F. RAILLARD, Explication des neumes ou anciens signes de notation musicale pour servir à la restauration complète du chant Grégorien avec des tableaux de comparaison et un recueil de chants religieux extraits d'un manuscrit du XIème siècle. Paris, E. Repos, 1859. [4 V SUP 427 RES].  

Ce n’est qu’à partir de la découverte en 1847 du Tonaire de Saint-Bénigne de Dijon, par Félix Danjou, organiste de Notre-Dame de Paris, que le mystère de la lecture des neumes put commencer d’être percé. Aujourd’hui oublié, l’abbé Raillard, vicaire de Saint-Thomas d’Aquin à Paris, fait partie des pionniers avec les bénédictins de Solesmes, pour proposer de déchiffrer selon une méthode systématique les plus anciens manuscrits afin de servir le projet de restauration du chant grégorien à partir de ses versions les plus anciennes. On découvre alors aussi que celles-ci ont été amputées d’une partie de leurs ornementations mélodiques du fait de l’oubli, au fil des siècles, de leurs techniques propres d’interprétation. Ce tableau comparatif superpose les anciennes notations neumatiques employées pour noter le chant liturgique à partir du 9e siècle, dont les hauteurs de notes ne sont pas précisées avec exactitude, avec la notation en notes carrées sur portée de 4 lignes qui leur succèdera pour se généraliser dès l’invention de celle-ci à la fin du 12e siècle. Celle-ci privilégie alors la précision des hauteurs de notes au détriments des indications d’interprétations que mettaient en avant les notations neumatiques.

 

La cantillation, lecture chantée des textes sacrés

Missel de Beauvais. Manuscrit, début du 12e siècle. [Ms. 95]

Le chant liturgique des chrétiens d’Occident trouve sa source dans la cantillation, lecture chantée des textes sacrés se fondant sur la prononciation de la hauteur musicale des voyelles selon l'accentuation du latin. On trouve un exemple d’indications de cantillation dans ce missel réservé à l'usage d'une abbaye bénédictine non identifiée de la région de Beauvais.

 

 

Neumes et parchemin de réemploi…

Fragment d'antiphonaire en notation bretonne, 9e siècle. Gardes contrecollées d'un recueil des 10e - 12e siècles. [Ms. 223]. 

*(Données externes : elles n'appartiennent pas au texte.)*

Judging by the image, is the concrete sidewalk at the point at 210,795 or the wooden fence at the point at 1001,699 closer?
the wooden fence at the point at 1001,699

Quatre feuillets de parchemin portant des chants liturgiques du 9e siècle (répons et antiennes issus du Livre de la Sagesse et de Job) en neumes bretons s’inscrivent au palmarès des plus anciens livres notés en Europe de l’Ouest. Les neumes sont des signes, dérivés de la ponctuation et d’autres systèmes graphiques, qui traduisent les inflexions de la mélodie. Ce précieux antiphonaire concorde avec d’autres fragments conservés à Leiden et Valenciennes et aurait probablement voyagé à la suite des redoutables incursions normandes ou vikings (843-883). Il fut réemployé en garde sur les contreplats de reliure au 12e siècle lors de la constitution de ce recueil provenant d’une abbaye rattachée à Sainte-Geneviève.

 

 

Plain-chant et notation carrée

Collectaire à l’usage du prieuré Saint-Lô de Rouen. Manuscrit, fin 15e - début 16e siècle. [Ms. 1272]. 

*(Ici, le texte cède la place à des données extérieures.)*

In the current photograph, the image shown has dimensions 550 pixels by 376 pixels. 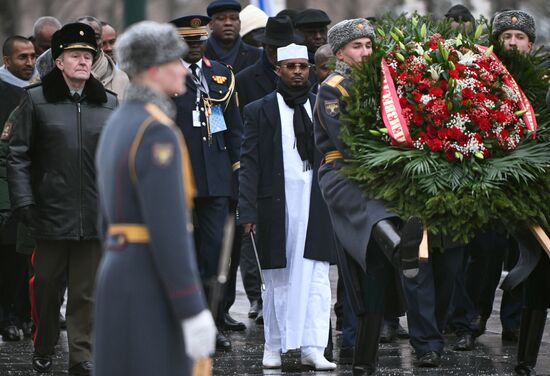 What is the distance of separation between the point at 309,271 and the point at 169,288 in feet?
15.9

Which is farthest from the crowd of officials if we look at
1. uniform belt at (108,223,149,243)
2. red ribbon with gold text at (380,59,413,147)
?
uniform belt at (108,223,149,243)

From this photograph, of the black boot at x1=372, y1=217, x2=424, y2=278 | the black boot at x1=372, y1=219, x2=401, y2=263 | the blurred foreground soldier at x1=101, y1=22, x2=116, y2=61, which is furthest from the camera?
the blurred foreground soldier at x1=101, y1=22, x2=116, y2=61

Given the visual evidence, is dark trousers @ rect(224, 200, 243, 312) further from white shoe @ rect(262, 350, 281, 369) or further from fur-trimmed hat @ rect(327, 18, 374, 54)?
fur-trimmed hat @ rect(327, 18, 374, 54)

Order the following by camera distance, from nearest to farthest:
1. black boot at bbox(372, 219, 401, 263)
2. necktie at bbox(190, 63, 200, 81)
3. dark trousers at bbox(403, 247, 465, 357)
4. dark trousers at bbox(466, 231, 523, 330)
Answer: black boot at bbox(372, 219, 401, 263)
dark trousers at bbox(403, 247, 465, 357)
necktie at bbox(190, 63, 200, 81)
dark trousers at bbox(466, 231, 523, 330)

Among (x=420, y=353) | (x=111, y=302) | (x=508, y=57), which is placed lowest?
(x=420, y=353)

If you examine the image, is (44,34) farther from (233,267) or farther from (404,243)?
(404,243)

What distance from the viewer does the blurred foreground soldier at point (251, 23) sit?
50.2 ft

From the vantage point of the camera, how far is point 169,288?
5672 millimetres

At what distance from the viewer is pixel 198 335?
18.4 ft

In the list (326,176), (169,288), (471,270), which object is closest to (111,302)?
(169,288)

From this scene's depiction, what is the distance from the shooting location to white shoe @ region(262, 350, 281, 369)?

Ce collectaire du prieuré Saint-Lô, qui rejoint en 1639 la Congrégation des Augustins de France dont l’abbaye Sainte-Geneviève est chef d’ordre, rassemble les prières dites par le célébrant pendant la messe. L’antienne (antiphona) « Architectus fundavit domum istam… », chantée durant la cérémonie de dédicace d’une église, est notée dans la notation carrée devenue caractéristique du plain-chant.  

 

 


Poésie profane et sacrée à la cour de saint Louis

Psautier de Marguerite de Bourgogne. Manuscrit, fin 12e- début 14e siècle. [Ms. 1273]

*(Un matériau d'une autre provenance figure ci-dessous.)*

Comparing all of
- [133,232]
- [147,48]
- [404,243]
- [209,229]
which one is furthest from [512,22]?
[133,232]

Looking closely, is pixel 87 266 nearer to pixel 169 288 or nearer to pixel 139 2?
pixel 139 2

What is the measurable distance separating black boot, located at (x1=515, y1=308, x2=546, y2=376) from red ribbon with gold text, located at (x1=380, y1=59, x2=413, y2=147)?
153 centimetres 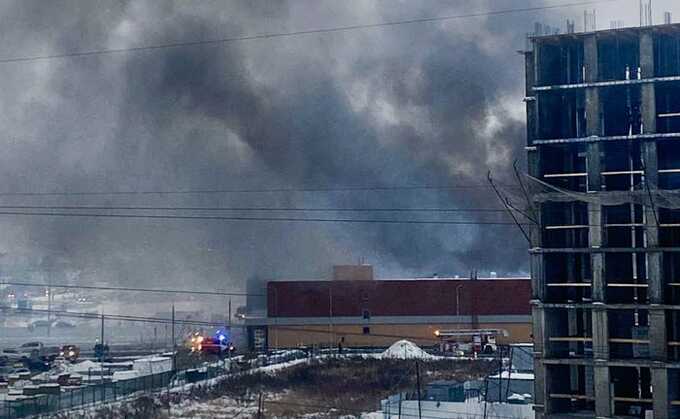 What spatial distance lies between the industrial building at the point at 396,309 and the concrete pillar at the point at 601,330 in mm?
30164

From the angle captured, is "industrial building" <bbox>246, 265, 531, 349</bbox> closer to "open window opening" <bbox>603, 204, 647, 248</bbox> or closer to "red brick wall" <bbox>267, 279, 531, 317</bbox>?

La notation carrée en usage dans le cantus, n’est pas encore mesurée ici comme dans les grandes compositions polyphoniques (organa, motets), mais traverse allègrement les frontières entre profane et sacré : un certain frère Gilles, copiste à l’abbaye de St-Bertin, serait-il l’auteur de ces vers en langue d’oïl, paraphrases bilingues (langue d’oïl et latin) d’une antienne mariale ? De forme strophique proche des hymnes et proses, voici dans ce psautier de Marguerite de Bourgogne, belle-soeur du roi Louis IX, la rhétorique de l’intercession mariale à des fins de protection de la dynastie royale.

 

Feuilletez deux ouvrages illustrant la transmission des neumes par le biais de l'imprimerie :

Découvrez un exemple de notation carrée dans un manuscrit avignonnais : Maître du Pontifical de Saint-Martial, Pontifical de Guillaume Durand. Manuscrit, vers 1357. [Ms. 143]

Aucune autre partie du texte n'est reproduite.